» WORK ORDER
In the material below, find the line containing "birds eye view" and the line containing "Serious man standing". Output those two lines and all lines between them exactly, without pictures.

» TASK INPUTS
____

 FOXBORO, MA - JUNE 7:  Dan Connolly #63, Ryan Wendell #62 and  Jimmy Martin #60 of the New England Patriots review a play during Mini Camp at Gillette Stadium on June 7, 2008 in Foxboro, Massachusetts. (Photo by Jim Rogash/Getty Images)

____

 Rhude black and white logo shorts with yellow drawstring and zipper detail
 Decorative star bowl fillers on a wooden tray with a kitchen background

____

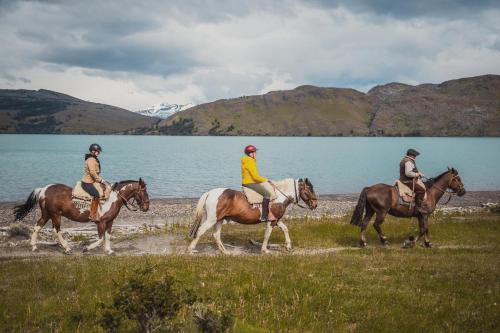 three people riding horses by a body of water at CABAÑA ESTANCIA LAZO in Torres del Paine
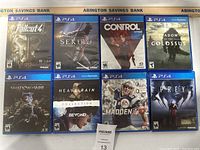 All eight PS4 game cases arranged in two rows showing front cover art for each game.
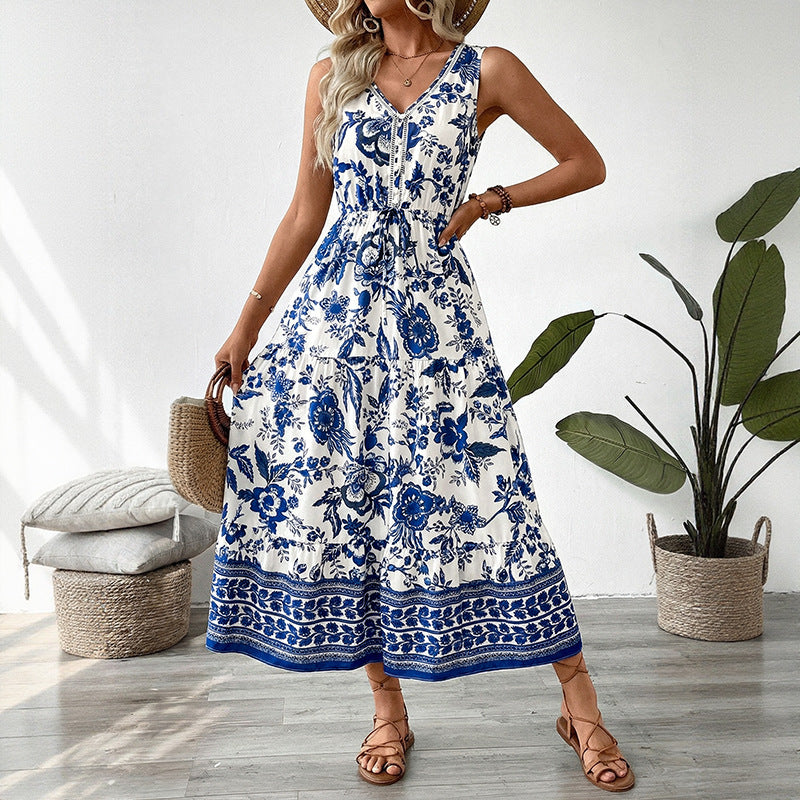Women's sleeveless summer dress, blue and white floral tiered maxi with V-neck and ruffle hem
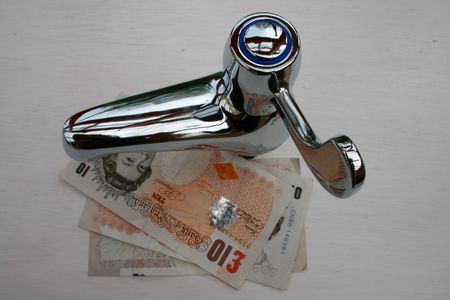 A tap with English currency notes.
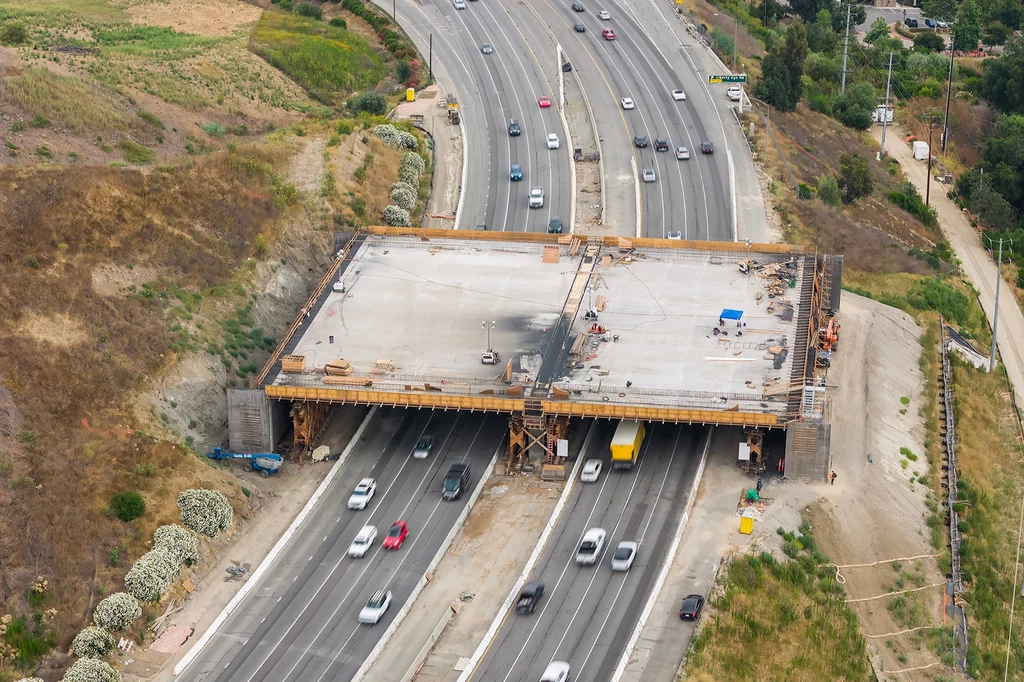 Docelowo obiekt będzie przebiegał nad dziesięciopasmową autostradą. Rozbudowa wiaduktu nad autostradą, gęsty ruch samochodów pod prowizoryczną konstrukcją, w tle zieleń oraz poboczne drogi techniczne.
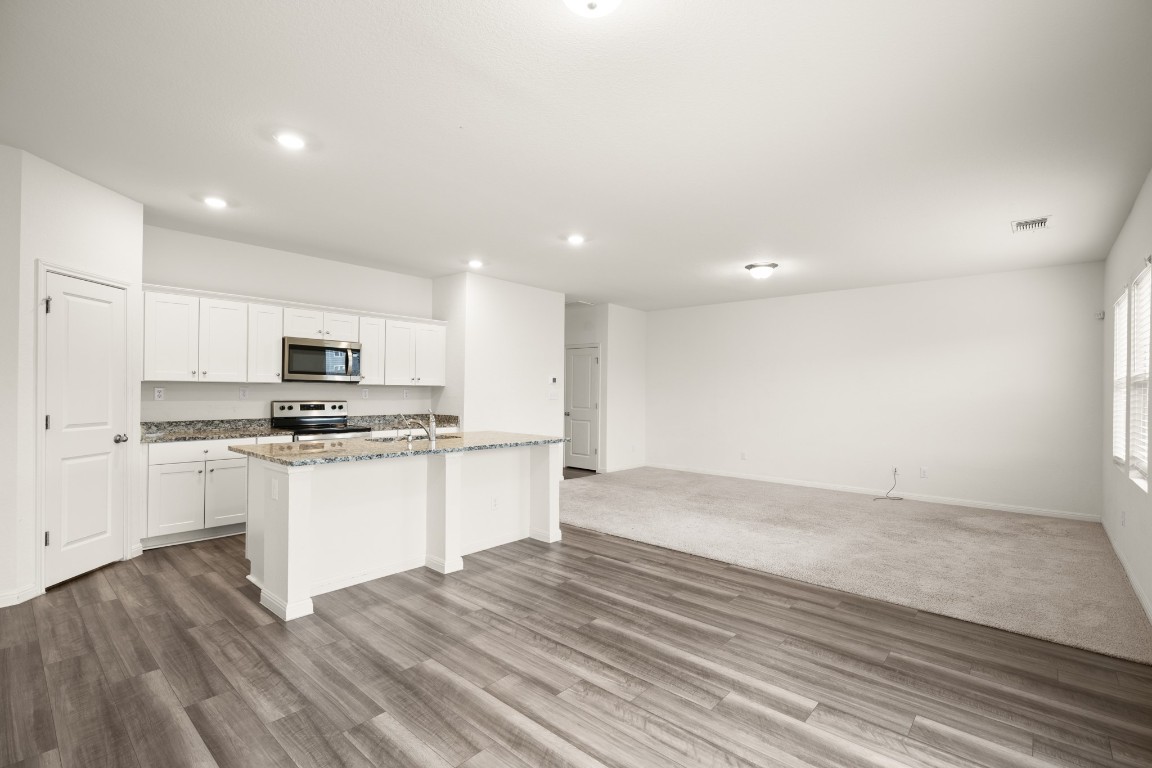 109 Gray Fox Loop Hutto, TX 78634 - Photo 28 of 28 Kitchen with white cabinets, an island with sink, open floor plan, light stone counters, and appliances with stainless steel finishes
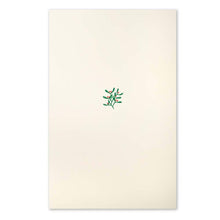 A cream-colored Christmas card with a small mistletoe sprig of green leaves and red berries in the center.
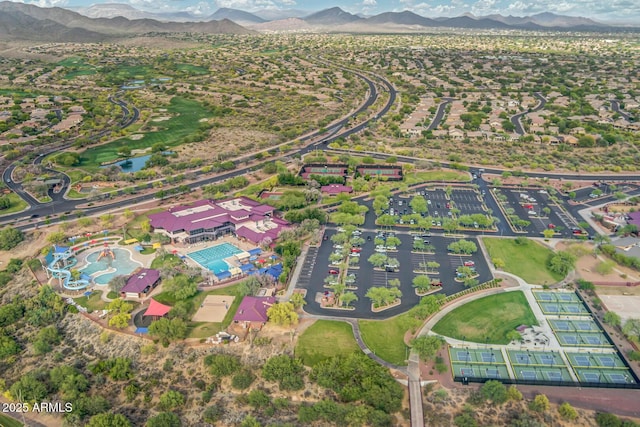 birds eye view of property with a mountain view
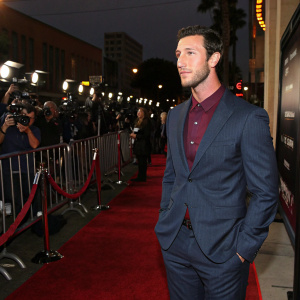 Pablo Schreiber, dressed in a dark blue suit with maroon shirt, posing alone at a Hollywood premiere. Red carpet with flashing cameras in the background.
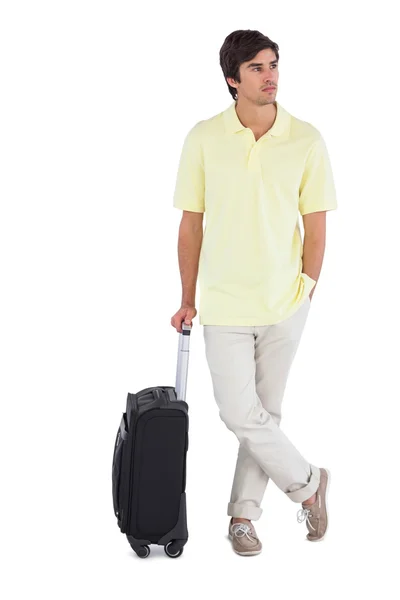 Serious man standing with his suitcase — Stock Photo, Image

____

» SOLUTION
 birds eye view of property with a mountain view
 Pablo Schreiber, dressed in a dark blue suit with maroon shirt, posing alone at a Hollywood premiere. Red carpet with flashing cameras in the background.
 Serious man standing with his suitcase — Stock Photo, Image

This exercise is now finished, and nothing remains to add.